Everybody wants to sell LNG to China, Jiang said. Chinese demand is growing and the country is adding a lot of capacity, building LNG terminals along the coast. It is also worried about energy security and looking to expand its markets.

Investment

Jiang said China is known for massive worldwide resource investments and has done deals which include building infrastructure in exchange for copper, building infrastructure and providing loans in exchange for oil. China has deep pockets for overseas assets, with some $4 trillion in foreign exchange compared to Japan with $1.28 trillion and the European Union with $0.737 trillion. China is investing all the way down to the Horn of Africa and all the way to Europe - and they’re not planning, they’re doing it, Jiang said.

Referring to the Alaska LNG project, he said that size of investment is nothing new for China; he said the country has done this level or project or more all around the world just in the last 10-15 years alone.

China has built infrastructure in change for resources, with the investment a loan to be repaid in resources.

And in addition to the silk road west to Europe, China wants an Arctic silk road, he said, investing in the Arctic with Russia in Yamal and not only investing in the project but building LNG modules and LNG tankers for the project in China.

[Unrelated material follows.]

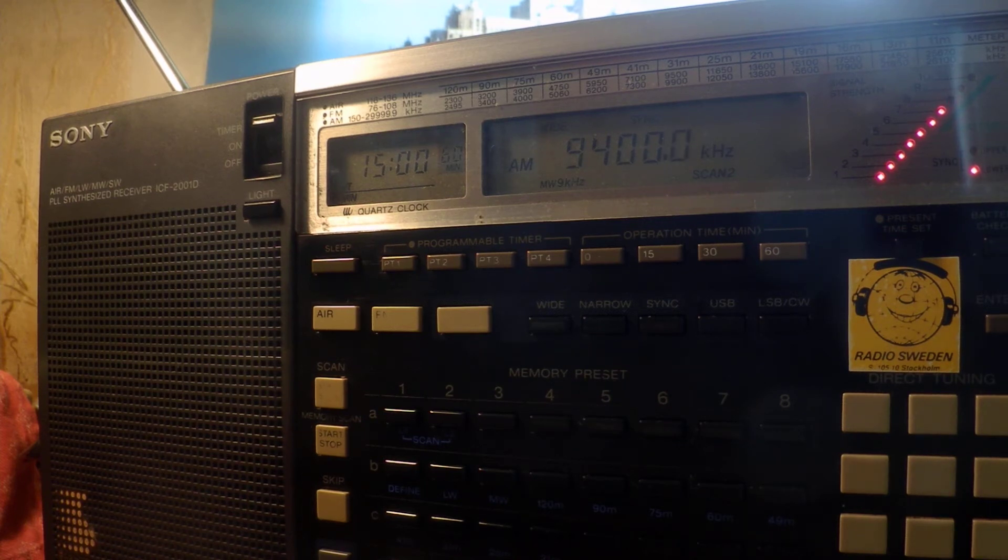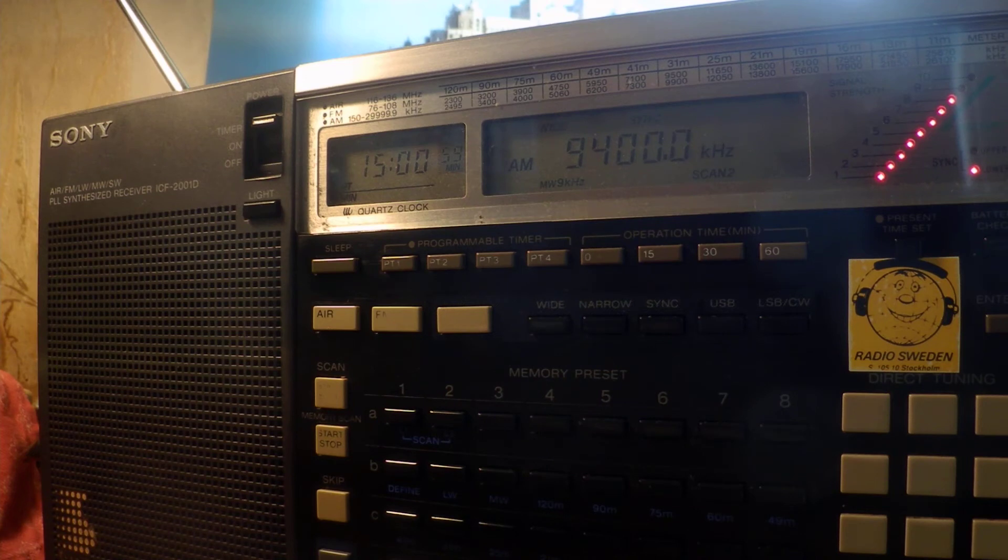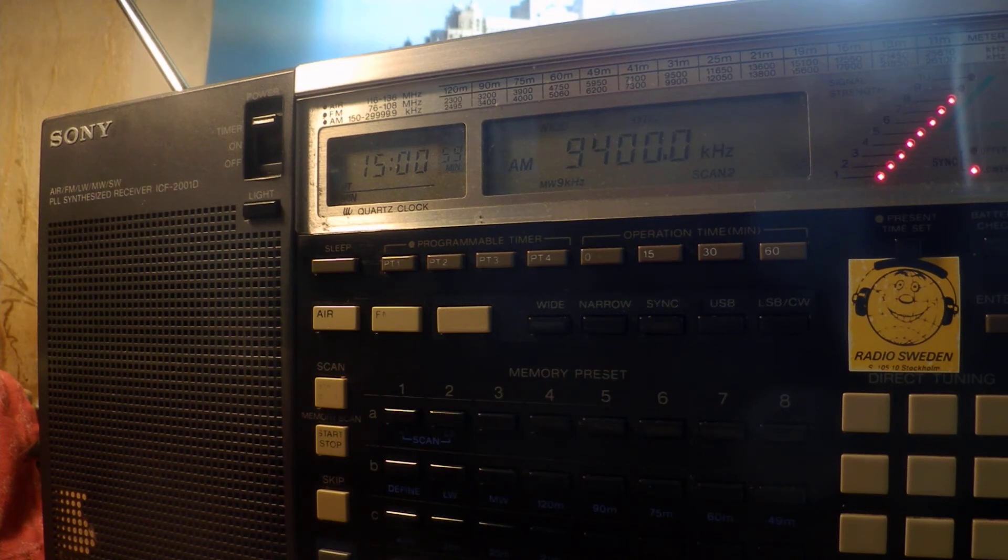Welcome to From the Isle of Music on Spaceline 9400 kHz on the shortwave dance. I'm Bill Tilford and the purpose of this program is to present all of the styles and genres of music recorded in Cuba and occasionally by Cubans abroad.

He said Alaska will be dealing with many of these collaborative issues of who will build what where for the project.

National companies

China’s national oil companies are the China National Petroleum Corp., China Petroleum & Chemical Corp. or Sinopec, CNOOC Ltd. and Sinochem Group. The first three used to be the energy ministry in China, he said, but it was broken up to form the companies, with China National Petroleum Corp. responsible for the area north of the Yangtse River, Sinopec the area to the south of the river and CNOOC offshore. Because most of China’s refineries were in the south Sinopec had a downstream focus, but now the companies are breaking the model, Jiang said, all wanting to be large integrated oil companies.

Sinopec is the smaller player so far in LNG import, so they have room to expand Jiang said. And the U.S. is already exporting LNG to China, growing from nothing in 2016 to account for 3 percent of Chinese LNG imports in the first half of 2017.

But not all foreign investments have gone well, Jiang said, and there is now full scale bureaucratic scrutiny in China of such foreign investments.

The Bank of China and Sinopec have learned from Canadian investment, he said, with some $35 billion poured into Canada and some investments not doing well. As a result, there is an investment shift from Canada to the U.S.

Questions have been asked about investments which went bad and there is some soul searching going on, Jiang said, and the Chinese are cautious and are hard negotiators

China is the world’s largest growing market for LNG, driven both by population growth and by policy change. While the energy market is volatile, everybody sees potential.

And, he noted, the Alaska Gasline Development Corp. is well aware that a lot of work remains to turn their memorandum of understanding into an agreement.